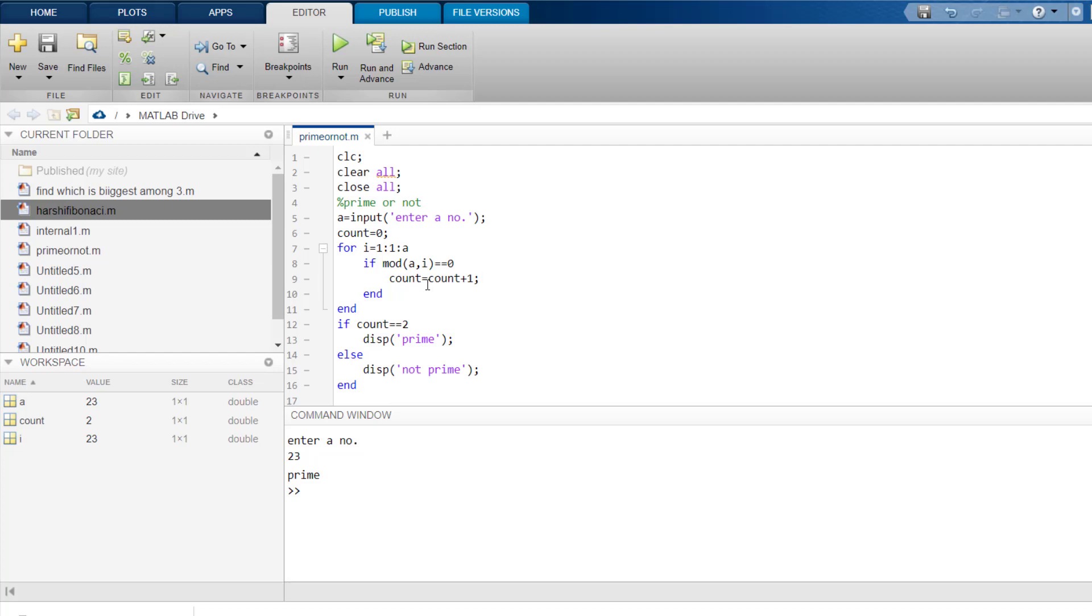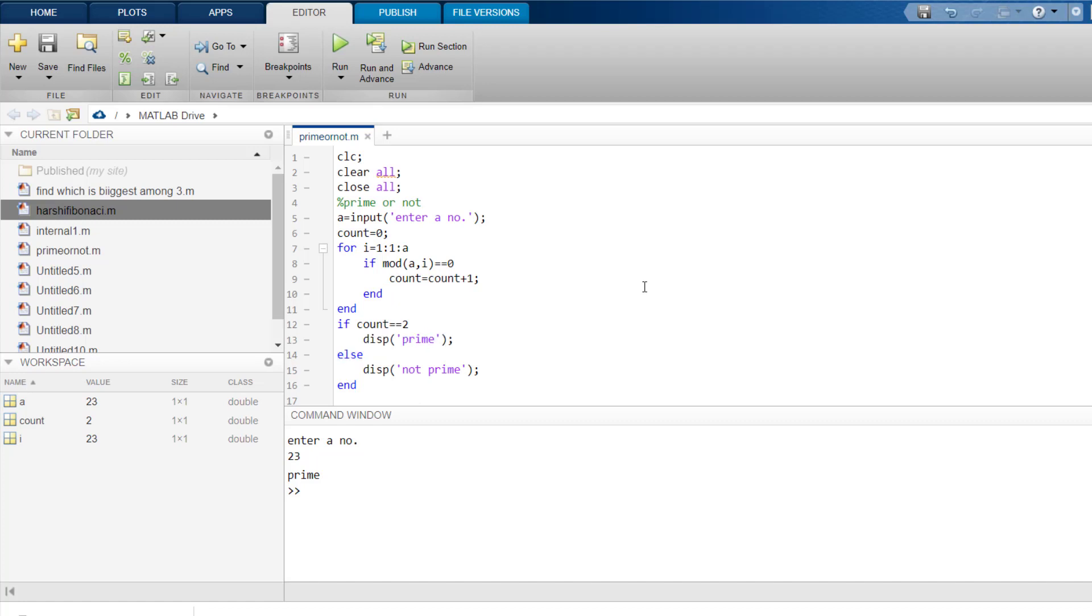Once when the number was divided by itself, another time when it was divided by 1. For that case, you will get COUNT equals to 2 and then you ask the program to display prime. But in other cases,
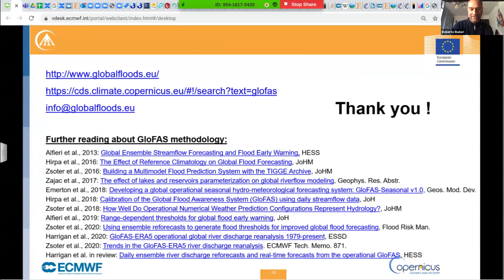That is Sela Nevo from Google, who will talk about progress and challenges in high accuracy flood forecasting on global scales, which is quite an intriguing title. We are really looking forward to your presentation, Sela.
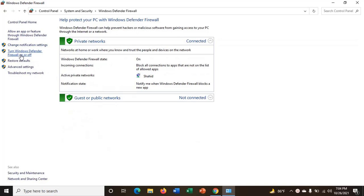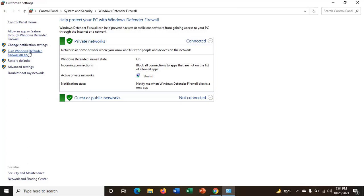You can see over here it says turn Windows Defender Firewall on or off. Now from here you can turn off the Windows Defender Firewall.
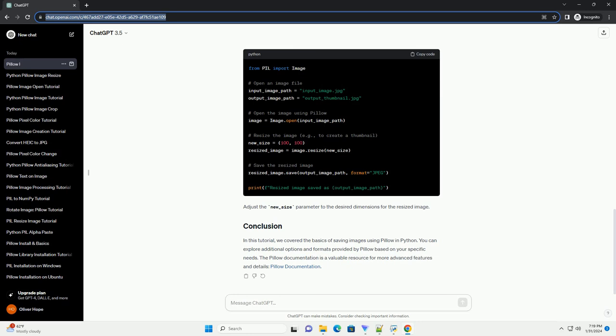In this tutorial, we covered the basics of saving images using PILO in Python. You can explore additional options and formats provided by PILO based on your specific needs. The PILO documentation is a valuable resource for more advanced features and details.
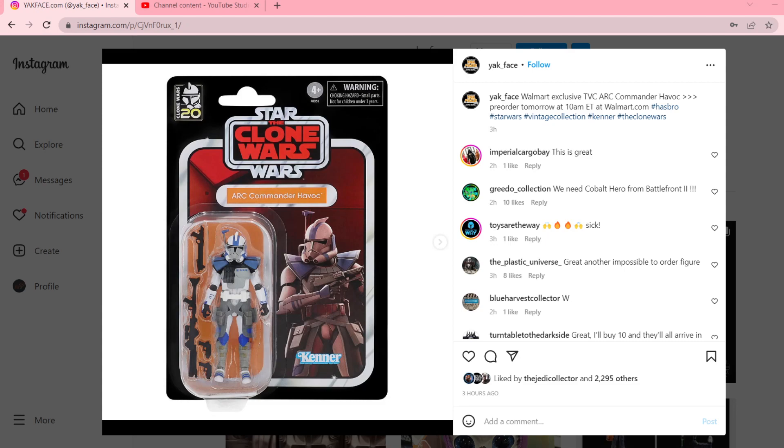Now, this is going to be a Walmart exclusive. Some people may like that, some people may find that unfortunate. Nonetheless, we have a new figure coming to the line, which is always great.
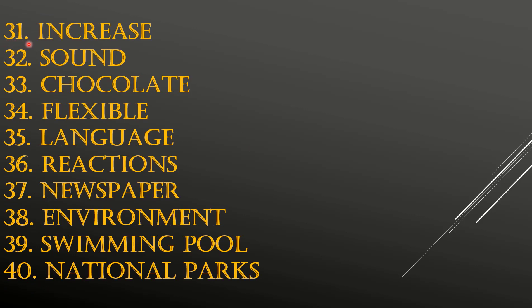31st: INCREASE. 32nd: SOUND. 33rd: CHOCOLATE.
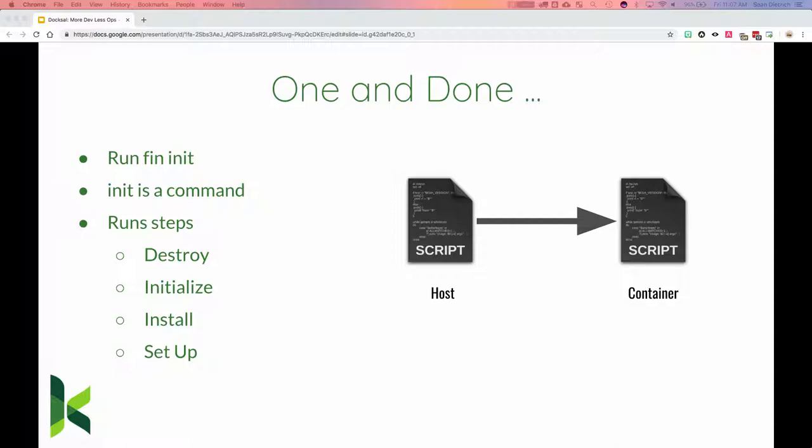This 'one and done' is usually run by what we call 'fin init.' On most of our projects we include an init script that makes sure containers are up and running, all appropriate software is installed on the appropriate containers, all configuration is set up, and a database is pulled down. The goal is that by the time it completes, we have a working environment without having to do anything extra — the automation, or 'automagic,' has happened for us.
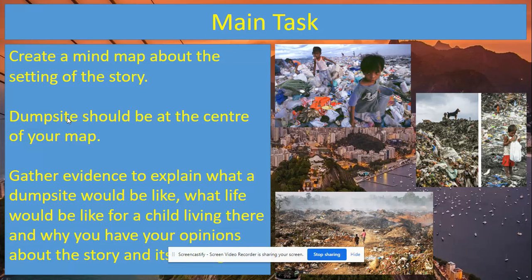Write as much as you can and try to link ideas together. For example, you might think life is hard — so from the word 'dump site' you could have 'life is hard,' and then around that you might have why, and the reasons you think life would be hard. What about life on the dump site would make it hard? People might be dirty or unhygienic — that's one of the ideas you might have. Think carefully about what you're going to put around the word 'dump site' and then what reasons, what evidence you've found that's going to come off there.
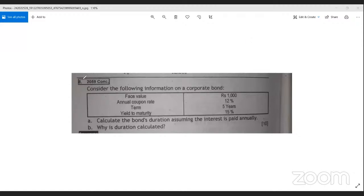To normally show the money, five to ten marks. What is the concentration of the year in 2059? Face value, annual coupon rate, terms, yield to maturity. Calculate the bond's duration and annual coupon rate.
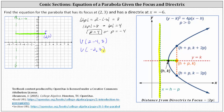So now we know p equals 4, h equals negative 2, and k equals 3. We can now find the equation of the parabola. Before we do this, let's go ahead and plot the vertex on the coordinate plane and sketch the parabola. Negative 2 comma 3 is this point here. Notice how it is halfway between the focus and the directrix. The parabola must open to the right and look something like this.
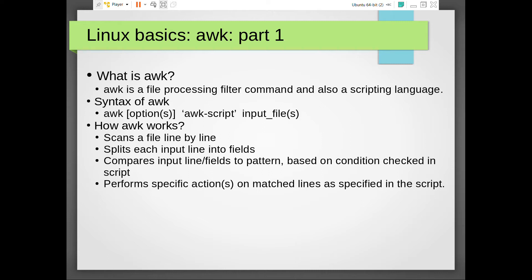So the basic nature of AWK: it reads line by line, splits the read line into fields based on the field delimiter specified - and the default field delimiter for AWK is the space character. Then it compares the input line or fields to a particular pattern based on the condition in the script. You can even check for patterns using regular expressions.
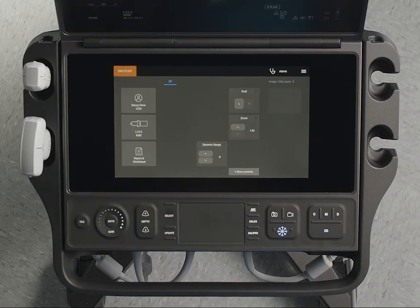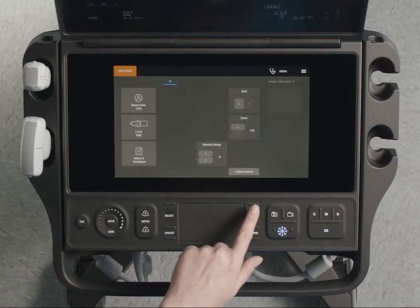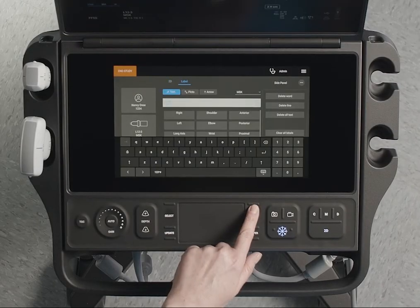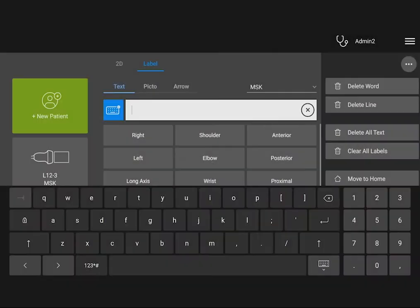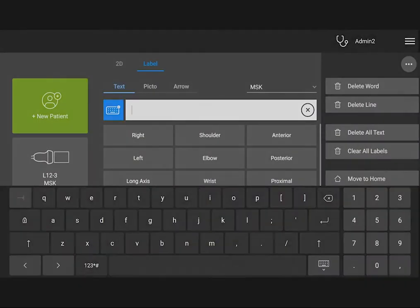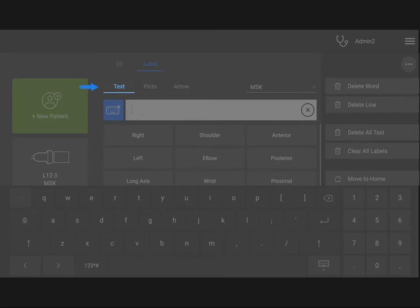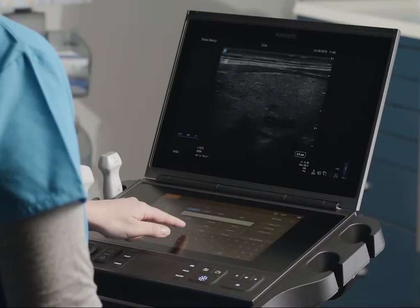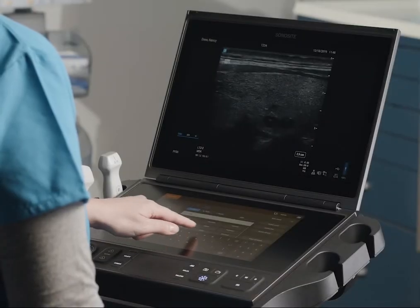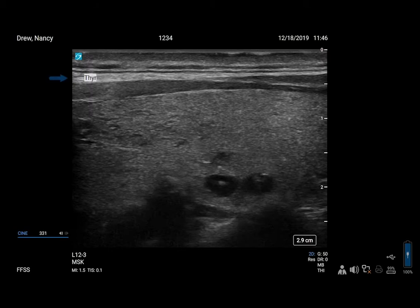First, let's create a text label. Press the Label button to access the Annotations page. You'll see several options on the Annotations page. To add a text label, select Text. Now, type in a label. Notice that the label appears on the monitor in the default home position.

====

[Aim of the task]
From the data above, return only the lines starting at the line that holds "This 'one and" and ending at the line that holds "Write as much", word for word and without pictures.

[Answer to this exercise]
This 'one and done' is usually run by what we call 'fin init.' On most of our projects we include an init script that makes sure containers are up and running, all appropriate software is installed on the appropriate containers, all configuration is set up, and a database is pulled down. The goal is that by the time it completes, we have a working environment without having to do anything extra — the automation, or 'automagic,' has happened for us.
Write as much as you can and try to link ideas together. For example, you might think life is hard — so from the word 'dump site' you could have 'life is hard,' and then around that you might have why, and the reasons you think life would be hard. What about life on the dump site would make it hard? People might be dirty or unhygienic — that's one of the ideas you might have. Think carefully about what you're going to put around the word 'dump site' and then what reasons, what evidence you've found that's going to come off there.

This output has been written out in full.